Polisi kini memfokuskan perhatian kepada empat anak yatim piatu, tiga dari pelaku bom Sidoarjo dan satu anak yang terlempar ketika orangtuanya melakukan aksi pengeboman di Mapolresta Surabaya, Senin pagi. Keempatnya adalah AR (15), FP (11) dan GA (10) dari Sidoarjo dan AIS (8) anak pengebom Mapolresta. Keempatnya baru selesai menjani operasi di RS Bhayangkara Polda Jatim. "Baru satu yang sadar dan bisa diajak bicara," tambah Machfud.
Menurut keterangan Machfud, tiga keluarga ini, bersama sejumlah pihak lain, diketahui rutin melakukan pertemuan di rumah Dita Oeprianto, di Rungkut, Surabaya. Anak-anak pelaku tidak mengenyam pendidikan resmi di sekolah. Aktivitas mereka di luar kelompok cenderung dibatasi. Dalam berbagai kesempatan, anak-anak ini didoktrin melalui tayangan video tentang jihad. Karena itu, kata Machfud, tidak mengherankan jika kemudian mereka bersedia meledakkan diri.
"Mereka ini adalah anggota sel yang tidur, yang kemudian bangkit karena ada pemicunya," ujar Machfud Arifin.
Proses hukum terhadap pimpinan JAD Aman Abdurrahman dan insiden di Mako Brimob Kelapa Dua dianggap sejumlah pihak sebagai pemicu rangkaian serangan di Surabaya ini.
Noriyanto, seorang warga Surabaya, kepada VOA mengaku heran dengan tindakan yang diambil oleh para pelaku dengan menyertakan anak-anak mereka. Dia yakin, anak-anak itu tidak memahami apa yang mereka lakukan. “Lha kalau mau begitu kan sendiri saja, anak-anak ini kan tidak berdosa. Apa tidak kasihan,” ujar Noriyanto.
Ketua Pengurus Cabang Nahdlatul Ulama Surabaya, Muhibbin Zuhri mengaku tidak bisa membayangkan tragedi ini terjadi di Surabaya.
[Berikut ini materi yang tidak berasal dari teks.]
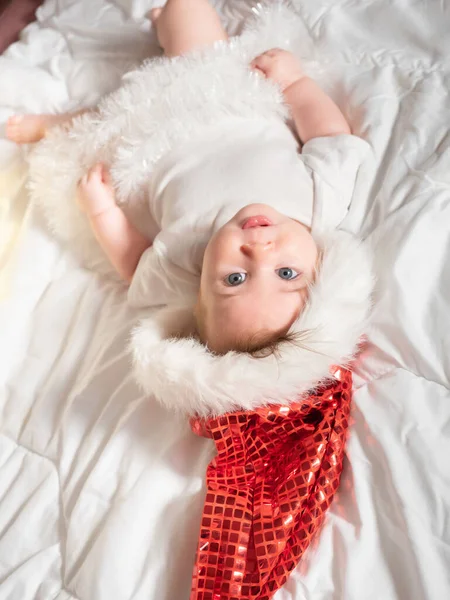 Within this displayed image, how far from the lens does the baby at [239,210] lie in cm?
87

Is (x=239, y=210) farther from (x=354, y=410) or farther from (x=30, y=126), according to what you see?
(x=30, y=126)

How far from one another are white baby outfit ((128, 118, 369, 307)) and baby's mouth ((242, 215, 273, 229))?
0.09m

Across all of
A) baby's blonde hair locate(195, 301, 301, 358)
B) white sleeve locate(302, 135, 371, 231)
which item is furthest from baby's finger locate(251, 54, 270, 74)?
baby's blonde hair locate(195, 301, 301, 358)

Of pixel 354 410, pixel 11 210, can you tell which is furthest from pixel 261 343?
pixel 11 210

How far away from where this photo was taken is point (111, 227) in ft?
3.67

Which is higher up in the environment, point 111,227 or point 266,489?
point 111,227

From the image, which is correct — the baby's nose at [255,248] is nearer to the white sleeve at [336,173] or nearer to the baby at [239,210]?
the baby at [239,210]

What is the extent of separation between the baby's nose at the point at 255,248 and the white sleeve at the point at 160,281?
0.18 metres

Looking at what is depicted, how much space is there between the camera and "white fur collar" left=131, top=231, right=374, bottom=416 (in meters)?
0.80

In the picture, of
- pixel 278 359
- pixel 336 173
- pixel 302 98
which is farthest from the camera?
pixel 302 98

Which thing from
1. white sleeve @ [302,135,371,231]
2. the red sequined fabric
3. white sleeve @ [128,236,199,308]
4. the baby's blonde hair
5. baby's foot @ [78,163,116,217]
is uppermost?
white sleeve @ [302,135,371,231]

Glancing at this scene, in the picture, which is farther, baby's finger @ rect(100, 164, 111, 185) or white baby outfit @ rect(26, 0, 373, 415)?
baby's finger @ rect(100, 164, 111, 185)

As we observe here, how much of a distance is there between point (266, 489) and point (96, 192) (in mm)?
613

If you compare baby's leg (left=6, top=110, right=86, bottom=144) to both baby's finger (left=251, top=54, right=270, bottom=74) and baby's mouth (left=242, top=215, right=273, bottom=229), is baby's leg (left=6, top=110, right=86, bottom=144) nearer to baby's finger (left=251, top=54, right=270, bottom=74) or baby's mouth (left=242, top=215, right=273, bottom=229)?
baby's finger (left=251, top=54, right=270, bottom=74) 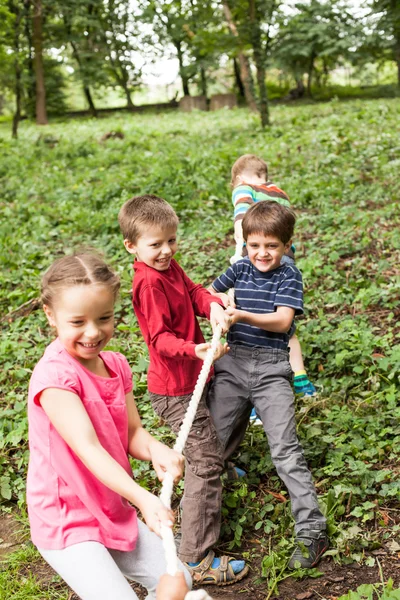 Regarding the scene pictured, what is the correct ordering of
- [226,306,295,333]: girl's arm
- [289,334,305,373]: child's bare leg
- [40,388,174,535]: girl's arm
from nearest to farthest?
[40,388,174,535]: girl's arm, [226,306,295,333]: girl's arm, [289,334,305,373]: child's bare leg

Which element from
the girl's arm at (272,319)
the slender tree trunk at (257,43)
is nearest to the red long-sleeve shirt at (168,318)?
the girl's arm at (272,319)

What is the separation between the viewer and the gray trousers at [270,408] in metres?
3.09

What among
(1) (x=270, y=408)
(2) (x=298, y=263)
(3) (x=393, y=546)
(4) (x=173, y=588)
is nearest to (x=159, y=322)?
(1) (x=270, y=408)

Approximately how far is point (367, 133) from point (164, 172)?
399cm

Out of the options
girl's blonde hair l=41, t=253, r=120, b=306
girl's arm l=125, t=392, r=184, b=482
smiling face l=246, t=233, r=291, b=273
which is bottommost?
girl's arm l=125, t=392, r=184, b=482

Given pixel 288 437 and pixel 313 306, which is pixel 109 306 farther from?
pixel 313 306

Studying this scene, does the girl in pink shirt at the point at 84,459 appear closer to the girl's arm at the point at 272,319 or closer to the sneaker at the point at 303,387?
the girl's arm at the point at 272,319

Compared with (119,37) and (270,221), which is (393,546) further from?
(119,37)

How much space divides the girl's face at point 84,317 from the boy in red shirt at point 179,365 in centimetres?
88

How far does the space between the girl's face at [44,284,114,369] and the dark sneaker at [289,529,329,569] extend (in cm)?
161

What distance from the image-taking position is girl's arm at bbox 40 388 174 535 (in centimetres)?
187

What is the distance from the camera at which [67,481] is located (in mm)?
1985

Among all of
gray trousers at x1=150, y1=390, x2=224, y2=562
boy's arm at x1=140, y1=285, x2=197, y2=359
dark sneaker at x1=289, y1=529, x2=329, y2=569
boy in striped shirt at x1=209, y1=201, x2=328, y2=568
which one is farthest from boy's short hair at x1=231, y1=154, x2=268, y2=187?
dark sneaker at x1=289, y1=529, x2=329, y2=569

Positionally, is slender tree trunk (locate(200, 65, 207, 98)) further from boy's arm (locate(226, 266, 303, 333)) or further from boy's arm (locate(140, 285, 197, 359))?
boy's arm (locate(140, 285, 197, 359)) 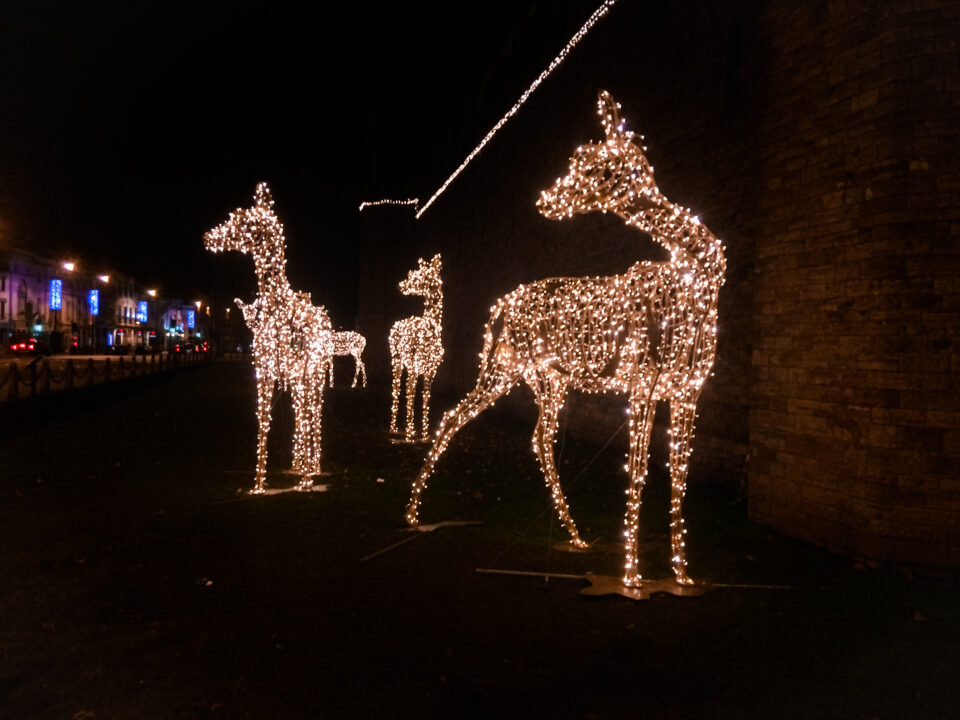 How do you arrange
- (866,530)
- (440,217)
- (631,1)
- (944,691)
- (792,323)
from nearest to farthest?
(944,691)
(866,530)
(792,323)
(631,1)
(440,217)

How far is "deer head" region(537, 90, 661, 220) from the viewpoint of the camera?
5551 millimetres

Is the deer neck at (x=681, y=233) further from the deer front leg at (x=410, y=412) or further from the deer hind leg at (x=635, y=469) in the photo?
the deer front leg at (x=410, y=412)

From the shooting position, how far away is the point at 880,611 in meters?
5.03

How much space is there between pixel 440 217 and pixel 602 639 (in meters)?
25.1

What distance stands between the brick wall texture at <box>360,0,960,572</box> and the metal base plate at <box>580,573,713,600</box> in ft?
5.80

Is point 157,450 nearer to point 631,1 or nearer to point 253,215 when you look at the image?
point 253,215

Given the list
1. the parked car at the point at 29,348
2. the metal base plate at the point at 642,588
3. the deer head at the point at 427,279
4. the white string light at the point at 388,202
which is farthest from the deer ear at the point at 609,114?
the parked car at the point at 29,348

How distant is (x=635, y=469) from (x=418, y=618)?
1.95 meters

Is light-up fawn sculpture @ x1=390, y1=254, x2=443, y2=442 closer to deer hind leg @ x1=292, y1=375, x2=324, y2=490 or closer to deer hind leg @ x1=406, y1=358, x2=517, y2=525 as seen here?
deer hind leg @ x1=292, y1=375, x2=324, y2=490

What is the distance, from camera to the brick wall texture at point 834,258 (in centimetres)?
571

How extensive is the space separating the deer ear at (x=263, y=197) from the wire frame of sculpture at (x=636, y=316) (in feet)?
14.3

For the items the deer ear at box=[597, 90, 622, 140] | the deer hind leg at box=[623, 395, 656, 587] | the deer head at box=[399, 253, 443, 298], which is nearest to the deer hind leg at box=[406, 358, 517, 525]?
the deer hind leg at box=[623, 395, 656, 587]

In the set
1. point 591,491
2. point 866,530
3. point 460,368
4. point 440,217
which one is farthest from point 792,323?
point 440,217

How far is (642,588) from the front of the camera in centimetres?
530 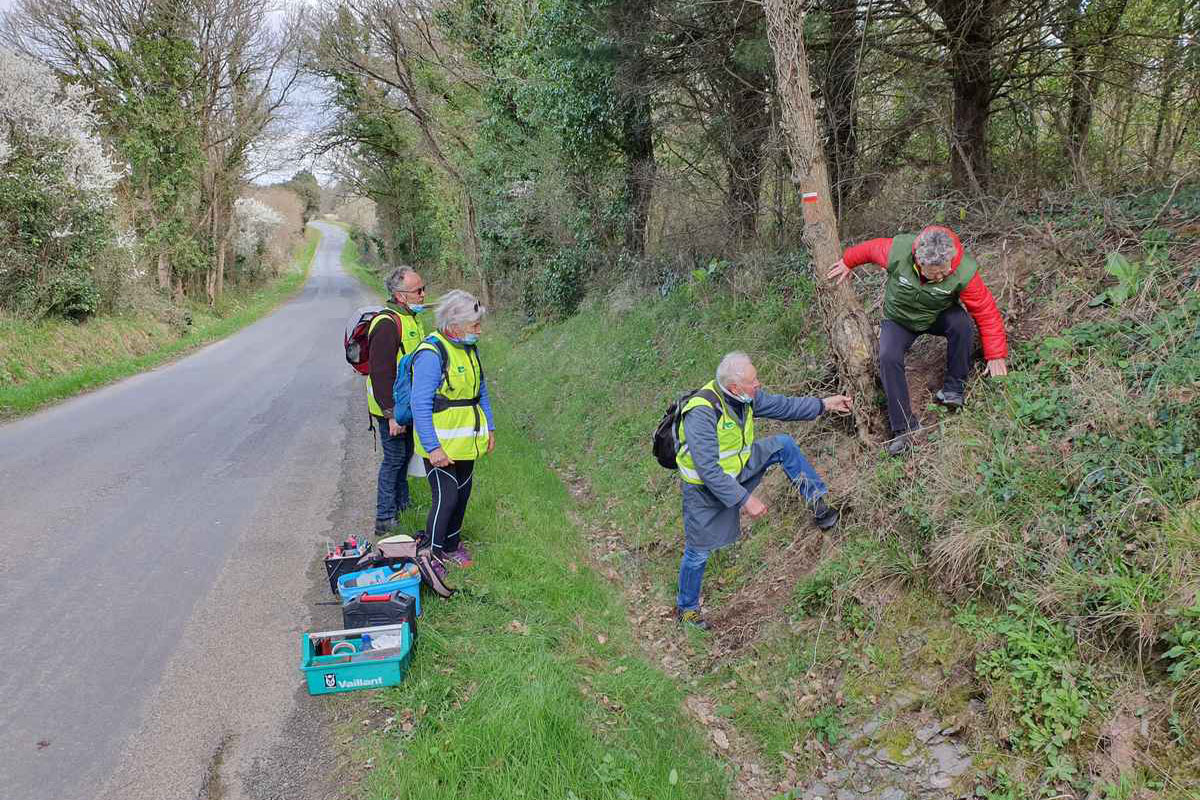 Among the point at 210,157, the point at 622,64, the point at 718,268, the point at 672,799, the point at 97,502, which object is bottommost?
the point at 672,799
Meski dikenal sebagai daerah basis Nahdliyin, Muhibbin mengaku mengetahui ada beberapa organisasi kecil berpaham kekerasan yang tumbuh di kota tersebut.
"Mereka membajak kebebasan berekspresi, berpikir, mengembangkan cara pandang. Itu semua kan dijamin dalam demokrasi, jadi tidak ada yang berhak menghentikan pemikiran mereka, tidak ada yang bisa melarang mereka untuk mengadakan pertemuan sosialisasi. Jadi, jelas mereka membajak kebebasan yang inheren di dalam demokrasi itu," kata Muhibbin Zuhri.
Padahal, menurtut Muhibbin , dalam pertemuan-pertemuan seperti itulah paham radikal disebarkan. Muhibbin mencontohkan, banyak penceramah yang provokatif, tetapi tidak ditindak karena ketiadaan dasar hukum.
Kekhawatiran Muhibbin sejalan dengan temuan polisi, kelompok Surabaya itu menggelar pertemuan rutin bersama seluruh anggota keluarga mereka. Dalam pertemuan semacam inilah, paham kekerasan diajarkan.
Untuk turut menekan laju penyebaranpaham radikal ini, Nahdlatul Ulama melakukan banyak upaya. Muhibbin menyatakan, NU Surabaya telah menginstruksikan kadernya melakukan pengawasan di lingkungan sekitar. Jika ada aktivitas yang diduga cenderung menumbuhkan radikalisme, NU akan menindak.
Your browser doesn’t support HTML5
Muhibbin juga telah meminta warga NU menjaga masjid-masjid agar tidak dijadikan panggung kelompok radikal menyebarkan paham kekerasan. Semua bertujuan menekan pertumbuhan paham yang melahirkan teroris-teroris baru.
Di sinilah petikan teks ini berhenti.